> _Data for the task_:
****************************************

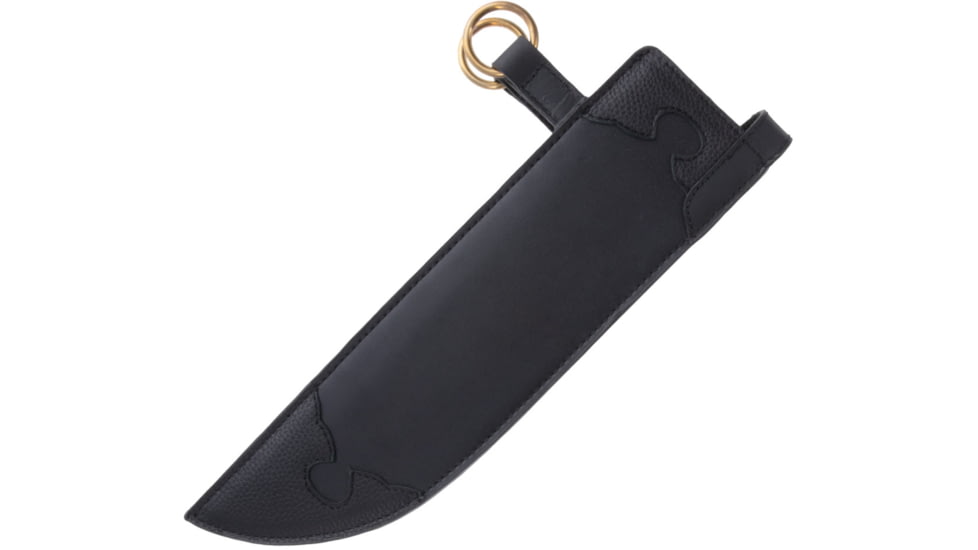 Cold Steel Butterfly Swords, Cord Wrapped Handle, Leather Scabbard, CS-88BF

****************************************

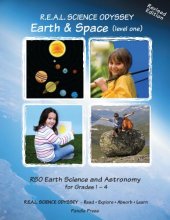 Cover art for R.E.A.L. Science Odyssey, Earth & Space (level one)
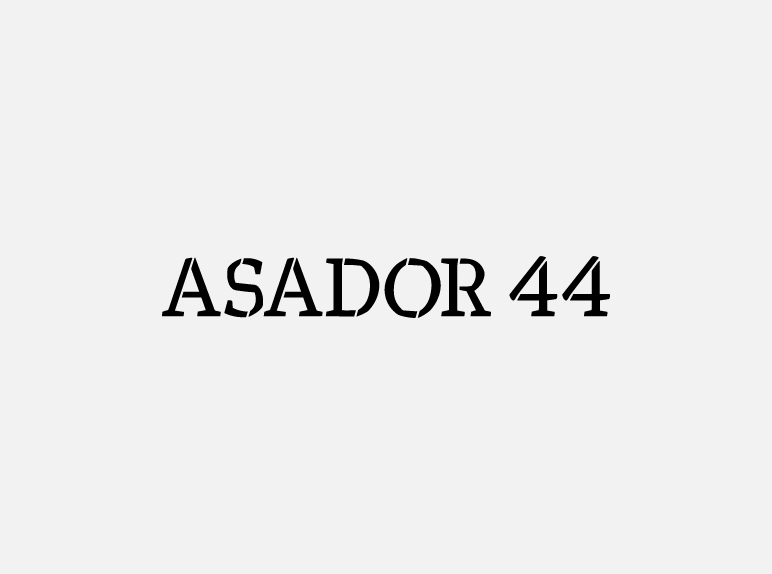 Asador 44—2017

****************************************

> _About this task_:
Repeat exactly the stretch of the listing above that starts with the line holding "Cover art for" and finishes with the line holding "Asador 44—2017", both included. Skip every picture.

> _Solution for this task_:
 Cover art for R.E.A.L. Science Odyssey, Earth & Space (level one)
 Asador 44—2017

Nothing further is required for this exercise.